Help an old dog learn new tricks - define "shallot"

So, I’m trying to find a decent, easy, no-fail crock pot recipe to test out. I’m not much of a cook, but I can follow a recipe. I just don’t have the TIME to cook. Which is where the crock pot comes in. Fire it up when I leave for work in the morning, and come home to a ready-to-eat meal.

Last week’s attempt was 40-clove garlic chicken. I’ve had similarly-named entrees in restaurants, and LOVED them, but I didn’t have to live with the aroma for a week. And why did the house smell of cooked cabbage more than garlic? Answer me that! I don’t think cabbage has ever been in my house, at least not as long as I’ve lived in it.

Now to today’s question. I’ve found several poultry recipes in an old Sunset Crockery Cook Book, and many call for “shallots.” Wikipedia provides a much-more-than-required-definition, but also states that it is sometimes shallots are confused with “scallions.” I don’t think I’ve ever seen a shallot, but I can identify green onions. Could my circa 1992 cook book actually mean scallions? Would using scallions over shallots have much of an impact? If it were up to me, I’d leave out onions all together, but Mr. H. likes them and I wouldn’t want to mess up the meal for him just because of my repulsion to onions.

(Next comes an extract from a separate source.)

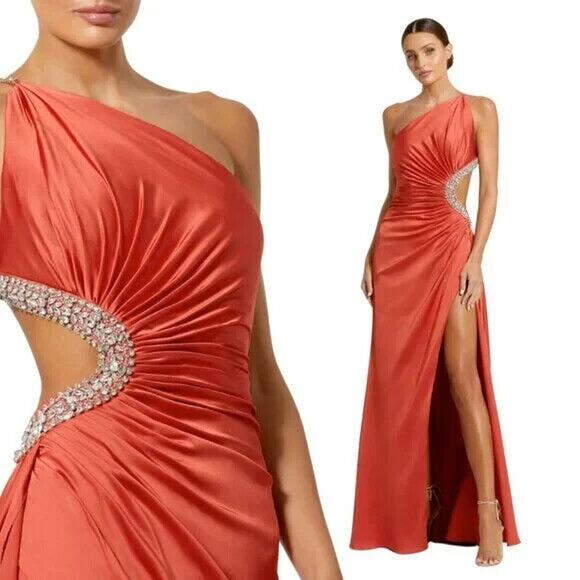NWT | Mac Duggal 11692 One Shoulder Jewel Embellished Side Cut Out Gown Red 8‎ - Picture 1 of 6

Any shallot experts out there?

A shallot is a mild-flavored onion-like plant where the “bulb”, rather than being a single layered unit like a normal onion, is comprised of cloves like garlic. In short, shaped like garlic, tastes like onion.

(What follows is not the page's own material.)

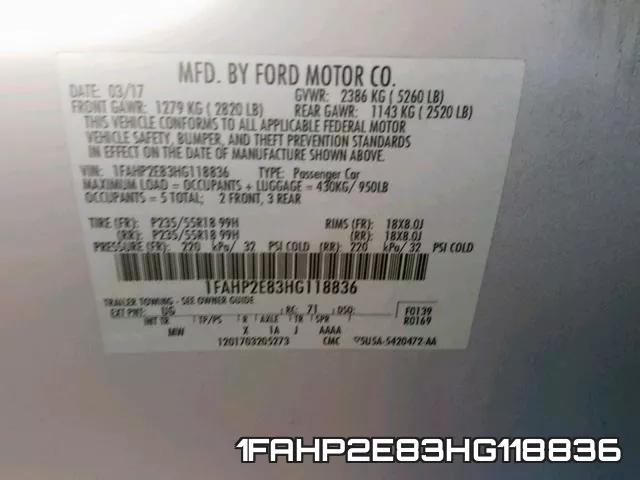 1FAHP2E83HG118836 фото 2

Scallions, of course, are green onions – and we’ve recently had some that had a definite bulb rather than the cylindrical white section normal to scallions/green onions. But, note this from Wikipedia:

Presuming you’re from the US, it looks to me like scallions = green onions and shallots = multiplier onions" (i.e., with garlic-like cloves within the corm or whatever it is). In Australia, though, it looks like either plant might be what the writer meant by “shallot” – presumably the effect of Australian beer on the cookbook author! :wink:

A shallot is in the allium family, which means its related to onions and garlic. But a scallion is not a particularly good substitute. A shallot tastes halfway between onion and garlic, and looks like an oversized clove (or cluster of cloves) of garlic in a brown skin.

A finely minced shallot will all but disappear into what you are cooking. They are the best way to get oniony flavor into a sauce that you don’t want any chunks in. I’ve never come across any recipe that seems to confuse shallots and scallions.

I’ve got some shallot salt, and it is wonderfull.

In Oz-tralia, shallots are exactly the same thing as ‘spring onions’. The names are interchangeable, much like ‘courgette’ and ‘zucchini’.

Perhaps this helps. Perhaps not.

Are you sure? I think of them as completely different things.

Which part of Oz are you?

Originally South Australia, but I’ve just migrated to Tassie.
If it turns out I’m wrong about the spring onions thing*, it’ll still be hilarious to have been corrected in a cooking thread by someone with the username TastesLikeBurning. :smiley:

*but I’m pretty sure.

Maybe it’s just a location specific thing, but doing a quick google image search brings up the following;

Spring Onion

vs

Shallot

The majority of images for both searches confirms what I think of both of them as looking like, but it also shows a couple of images here and there to back up what you’re saying. Maybe we’re just weird over here.

It’s where the Lady comes from.

Tis’ true–In the past, '50’s-80’s in America, some cookbooks used green onions, spring onions, scallions, and shallots interchangeably which led to some misunderstandings. But when I refer to a shallot, I am referring to the dried, onion like, sweet, garlic, bulb, that is without the green stem. The true shallot… as it has been recently popularized (last 20 years) in America. The shallot as green onion is colloquial Midwest, however. About the only thing that I might feel comfortable calling a shallot per American parlance are “ramps”, from my culinary perspective.

Use the specified amount, replacing 2/3 with scallions and 1/3 with garlic and it’ll work just fine. Or just use the 2/3 scallions, if the amount in the recipe is small: shallots are generally milder.

Shallots are kept separate from the regular onions in the grocery stores I’ve been to.
I use them to make crab/imitation crab salad.

The difference for me, personally, between scallions and shallots is several hours of extremely smelly gas. Shallots are the only allium that don’t give me teh evil farts the next day, so my wonderful house-husband, who does 95% of the cooking around here, uses them as much as possible.

If you generally dislike onions, you may find that shallots are an exception, since they are a little different. Or you may find that you can’t tell the difference.

Shallots keep much longer than scallions, by the way, as the former is all root, whereas the latter is mostly leaf.

In the first illustration on this page, the smallest item is a shallot. (In my area, they tend to be more purple than brown.) Scroll down the page for another illustration plus a definition:

Even though it says the white part of a scallion is an acceptable sub, I don’t think I’d ever do that; I’d just use regular onion, very finely minced.

The first illustration on this page shows a scallion/green onion.